Hace cinco años, Bolivia vivía una intensa campaña electoral entre el Movimiento al Socialismo y Comunidad Ciudadana (y otros partidos más de menor relevancia). Fue la campaña electoral más larga de la historia de Bolivia, ya que el país se había electoralizado prematuramente en enero de 2019 (o tal vez incluso a fines de 2018) con motivo de las elecciones primarias. Las elecciones generales de octubre de 2019, como todos sabemos, resultaron fallidas por los sucesos que se registraron a partir del cese del conteo rápido, así que todo ello devino que, luego de las fiestas de fin de año, el ruedo proselitista entre los partidos se retomara inmediatamente, hasta las nuevas elecciones de octubre de 2020, en las que el MAS venció con el 56 por ciento de los votos. Fueron más de 20 meses, casi dos años, de una campaña electoral reñida, tensa y desgastante.
Como documenta la historiadora española Marta Irurozqui en su libro ‘A bala, piedra y palo’: La construcción de la ciudadanía política en Bolivia, 1826-1952, la práctica del fraude ha sido una constante en la historia electoral de Bolivia, algo así como una cultura casi institucionalizada; pero no menos constante o habitual fue el impulso de desestabilizar gobiernos constitucionales o de dar golpes de Estado. El caso de 2019 es particular y, a mi modo de ver —y como lo he dicho ya varias veces de manera pública—, extremadamente complicado de analizar. Objetivamente, había por un lado un gobierno autoritario y corrupto, cuya gestión desde 2014 podía ser interpretada como inconstitucional, y por otro lado fuerzas liberal-conservadoras de cuño republicano (entendido este último adjetivo como “viejo régimen”) que tampoco parecían ser muy propensas a entender o practicar una democracia moderna. El caso es que ambos grupos colisionaron, y unos trataron de dar a entender que se estaba dando un golpe de Estado y otros de convencer de que lo que estaba ocurriendo era una revolución ciudadana, pero sin entender casi nadie que la línea divisoria que hay entre lo que es un golpe y lo que es una revolución, politológicamente hablando, es difusa o, mejor aún, que bien podrían haber ocurrido los dos fenómenos de manera simultánea.
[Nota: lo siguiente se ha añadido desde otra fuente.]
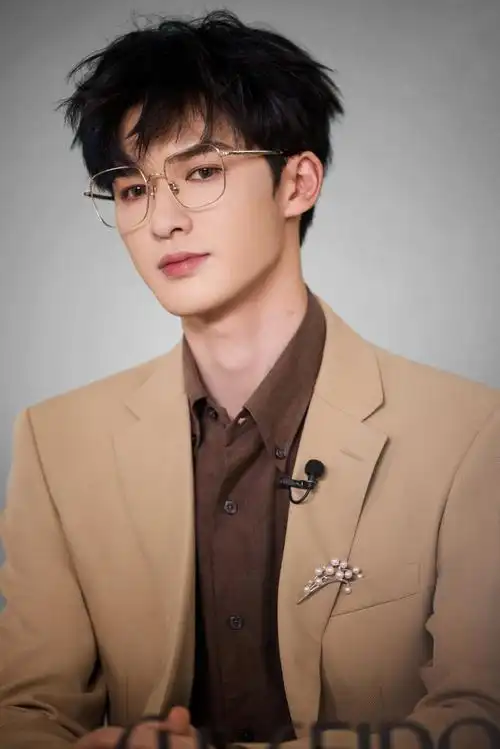 朱正廷贵气西装卷发造型##想把金丝框眼镜焊在朱正廷脸上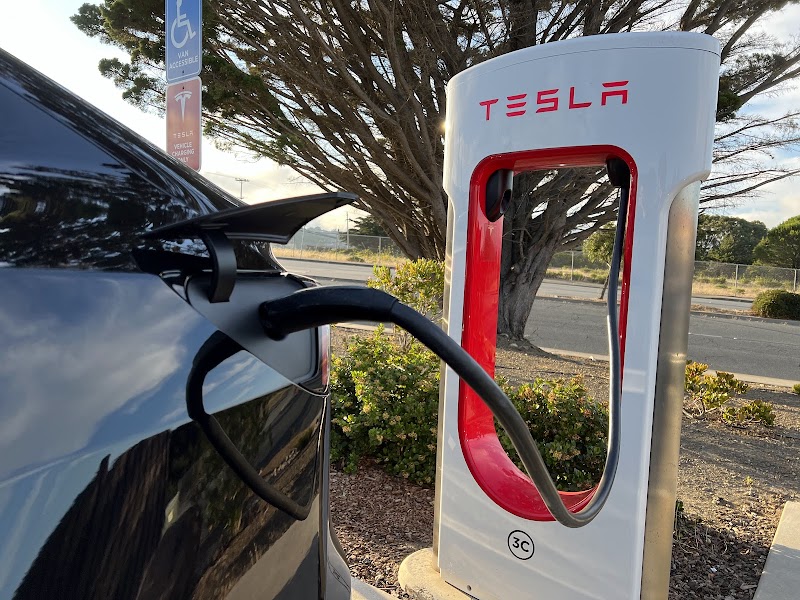 Tesla Supercharger photo 4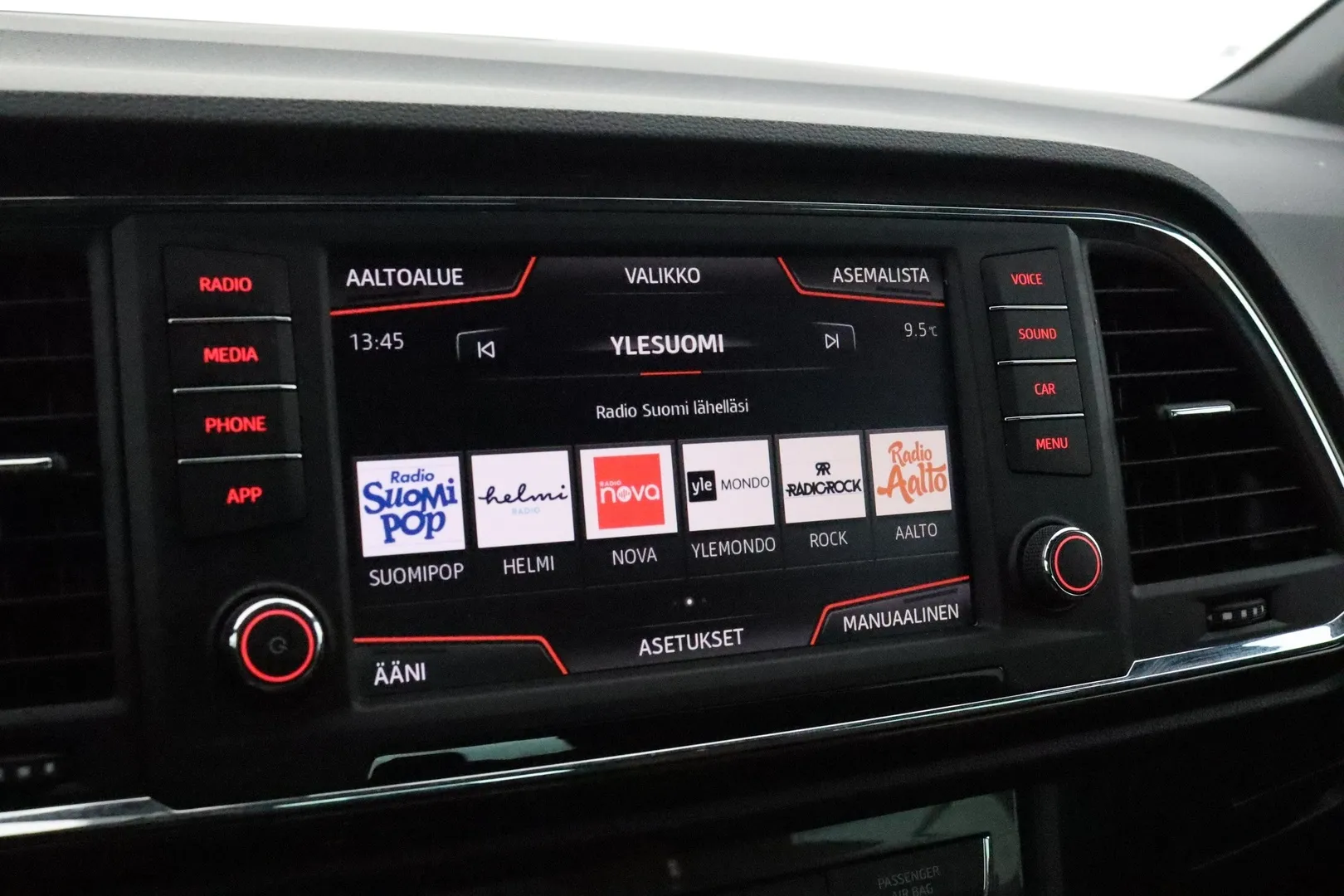 SEAT Ateca IMT-108 carousel image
Hoy el escenario es muy diferente: por un lado, los caudillos con mayores chances de ganar en aquel 2019 están ya más desgastados; por otro, el partido oficialista se ha fragmentado y, aunque en política todo puede ocurrir, no parece tener esperanzas de reconciliación. A todo ello, hay que añadir la crisis económica, que no estaba a la vista hace cinco años (al menos no para los legos en economía), ya que la vaca de la bonanza malversada todavía daba de comer a todos. Lo que en la actualidad parece seguir intacto es el carácter autoritario y conservador de la sociedad y los partidos. En este aspecto, no hubo ninguna transformación, y esto se debe a que la educación sigue siendo tradicional y provecta. El MAS, con decenas de casos de corrupción en sus espaldas, parece ya estar agotado, y los caudillos opositores (muchos de estos reciclados de viejos partidos del neoliberalismo de los años 90 y principios de los 2000) no parecen haber trabajado ni en partidos bien organizados ni en propuestas serias, integrales y de largo aliento en estos cinco años. En el último tiempo, se han articulado —sobre todo en el oriente— grupos autodenominados liberales, que más parecen ser académicos que políticos; por ende, no participarán, al menos no por lo pronto, en política.
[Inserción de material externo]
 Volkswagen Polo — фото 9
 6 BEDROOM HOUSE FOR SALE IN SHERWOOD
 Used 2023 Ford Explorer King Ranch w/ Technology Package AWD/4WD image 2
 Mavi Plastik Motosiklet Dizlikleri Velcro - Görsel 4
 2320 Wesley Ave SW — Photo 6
Así, se tiene un escenario muy diferente que el de 2019-2020, el cual sobre todo demanda una nueva política económica, una que permita crear empleos, reducir los impuestos y la llegada de la divisa estadounidense. Pero hasta el momento no existen nuevas personas que puedan entrar en acción (o los viejos caudillos no dejan que los nuevos los sustituyan) ni, lo que es peor, nuevas ideas o visiones de país. Este fenómeno es propio del caudillismo. Cuando se es caudillo, no se tiene interés en fomentar nuevos cuadros, nuevos liderazgos o nuevos horizontes ideológicos; lo que se quieres es ejercer el poder hasta que el físico no dé más. Así pasó en el Siglo XIX configuras como Santa Cruz y en el XX con figuras como Saavedra, Paz Estenssoro o Banzer, entre muchas otras. Hace poco, Biden, más allá de que guste o no como presidente o político, dio un ejemplo de cómo se puede quebrar la cultura del caudillismo, bajándose de la carrera electoral y proponiendo la figura de una nueva persona para que lo suceda. Pero se necesita madurez, inteligencia y desprendimiento para hacer eso, tres virtudes que escasean entre los políticos bolivianos.
Ignacio Vera de Rada es politólogo y comunicador social.